俺は納得して、笑いながら首を横に振った。
「今回、リミット緩いんですよ。逆に増やすのが大変で」
「あら、そうなの」
「どうも、俺、太ろうと思っても太れないみたいで」
それは羨ましいわ、と葵さんは上品な笑みを浮かべている。
「……ちょっと待って」
やけに静かだった茜が声をかけてきた。突き刺すような視線で俺を見つめている。
「な、なに?」
その迫力に気圧されて後ずさりした俺に、茜は容赦なく距離を詰めてくる。
「減量? リミット? 増量? なにそれ? あたし、聞いてない」
あれ、様子がおかしいぞ。なんで、こんなに怒ってるんだ、こいつ。
「茜さん、また聞いていなかったでしょう?」
全てを悟った葵さんが助け船を出してくる。
「坂本君が、あなたに言わないわけないじゃない。きっと、他事に集中しすぎて耳が働いてなかったのね」
「ああ」
そういえば、こいつ。かなりの生返事を返してきたよな。あの時。聞いてなかったのか。もう一度、話題に出すべきだった。
「なんで、ママは知ってるの!?」
その疑問も当然。俺も葵さんから話を振られるとは思っていなかった。俺の予定なんて、把握できないはずなんだけど。
「新聞に出てたわよ」
「「えつ」」
俺と茜の声が重なった。
葵さんにその新聞を見せてもらった。スポーツ紙ではなく、一般紙。その地元民向けの記事に俺のことが大きく取り上げられていた。
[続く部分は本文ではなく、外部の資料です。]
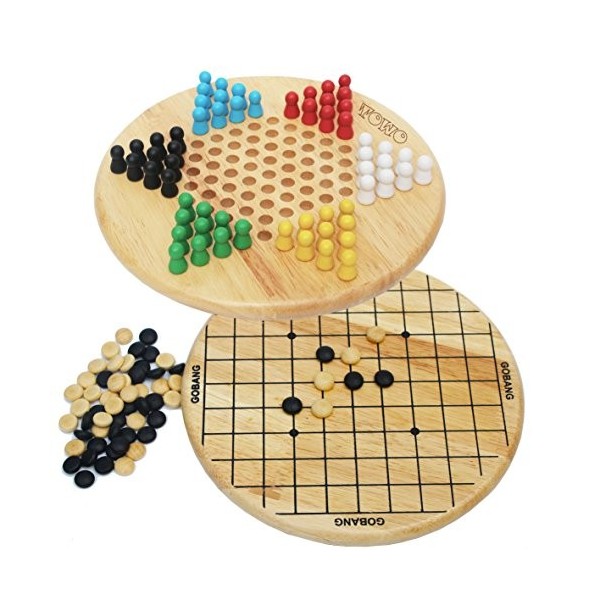 TOWO Jeu de solitaire et labyrinthe en bois 2 en 1 - Jeu de société classique à un joueur - 25 cm - Jeu déquilibre et de str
『地元の高校生、坂本龍馬君。プロの格闘家として、大晦日のリングに上る。対戦相手は著名ボクサー』と。
……そういや、取材されたな。忘れてた。
途中まで一緒に読んでいた茜は新聞を奪い取って記事を凝視している。あれ、目から熱線でて新聞に穴が空きそうだな。それぐらい、強い眼差しだ。
そして、バンと新聞を下に叩きつけて叫ぶ。
「こんなのクラウドプラーじゃない!」
くらうどぷらぁ?
なんだそれ。
「プロモーターのコメント、相手のキャラクターとリョーマの年齢しか言ってない。なに、この話題性だけのマッチング。ゲスト呼ぶことしか考えてない!」
ああ、くらうどぷらぁ、って客寄せパンダみたいなことか。俺をそんなのにしたらパンダに失礼だと思うけど。
しかし、どうやら茜は大変ご立腹のようだ。
「ルールは!」
「ストライカー」
「ミックスじゃないの!?」
俺が参加する予定の大会は、ルールがいくつかある。ストライカーは立ち技、ミックスは総合格闘技のルールだ。
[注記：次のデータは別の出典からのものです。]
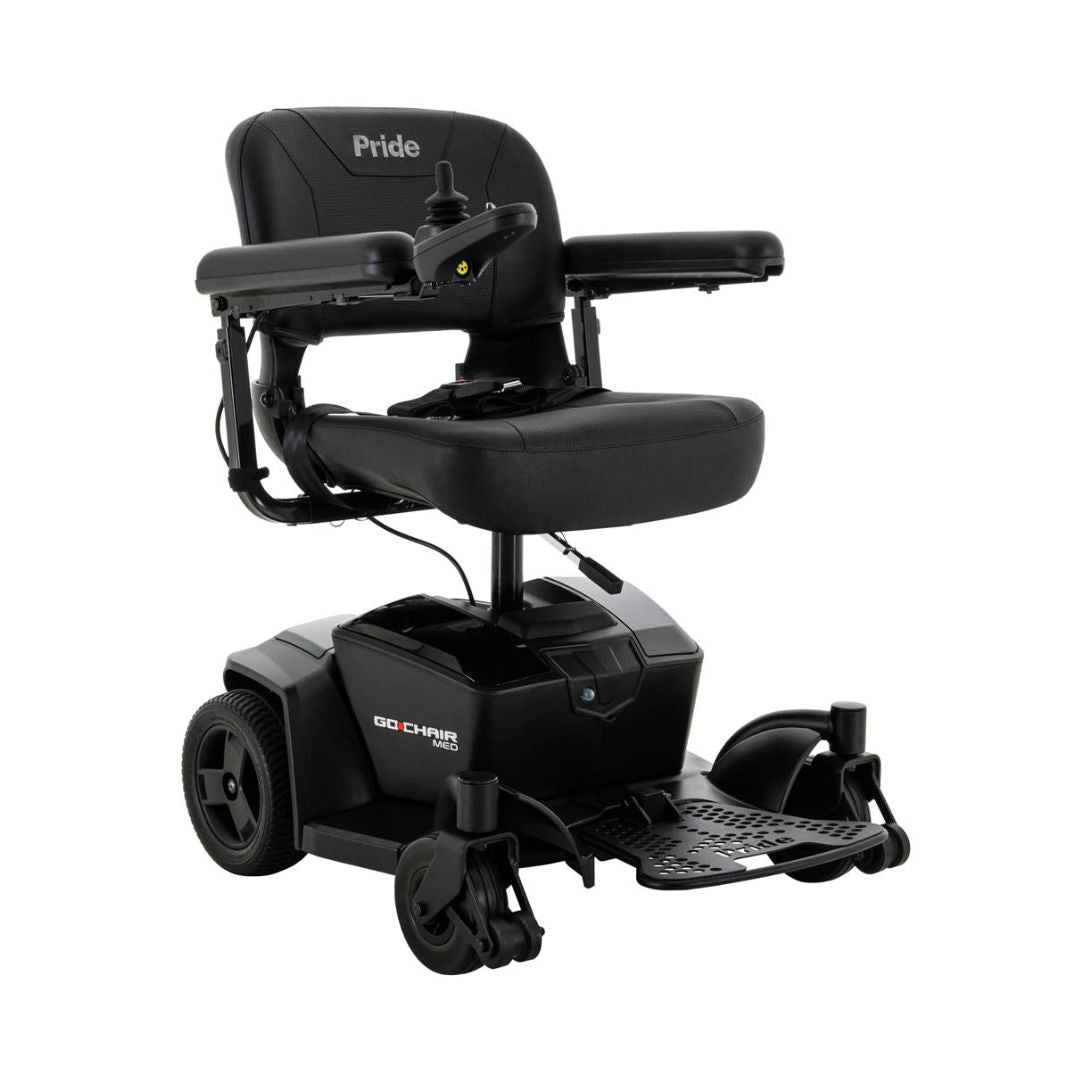 Pride Mobility Go Chair MED compact black power wheelchair with joystick control and padded seat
「なんで、ボクサー相手に打撃だけ! しかも、階級むちゃくちゃ!」
「いや、俺、寝技無理」
「そんなの、あたしが教えるのに」
ほう、それは……。
いやいや、止めとけ。これは本気で絞め殺される。
「それに、何で急にこんな目立つオファー受けたの? らしくないよ、リョーマ」
まぁ、発表の時も、取材の時もガチガチに緊張してましたけどね、俺。当日、どうなるか分かんない。
「そりゃ、お金欲しかったし」
「正直!」
しばらく、やれどうだ、これはどうだ、と茜の文句は尽きなかった。
最初は、自分だけ蚊帳の外だったのが許せないのかと思ってたけど、どうやら、茜はあまりにも対戦相手に寄ったルールに我慢できないらしい。目の前に料理を並べた後もずっと頬を膨らませてる。
その様が、ハムスターを思い出せて可愛いんだけど、言ったら火に油注ぐよなと思って黙っている。
まぁ、そこまで心配してくれるのは嬉しいので悪い気はしない。
「いいよ、こうなったらリミットオーバーで失格になれば良い。シュトーレン丸かじりしなさい!」
「これ一回で食うやつじゃないだろ……」
そんなこんなで、俺の年末は慌ただしく過ぎ去っていく。まぁ、こんなに忙しいのも悪くない気はしている。
さて、来年はどんな年になるのかな。
それこそ、今は予想もできはしない。去年、今年がこんな風になるなんて少しも予想していなかったんだから。
年末の番組と言ったら、で格闘技が出てくる方は自分と同世代です。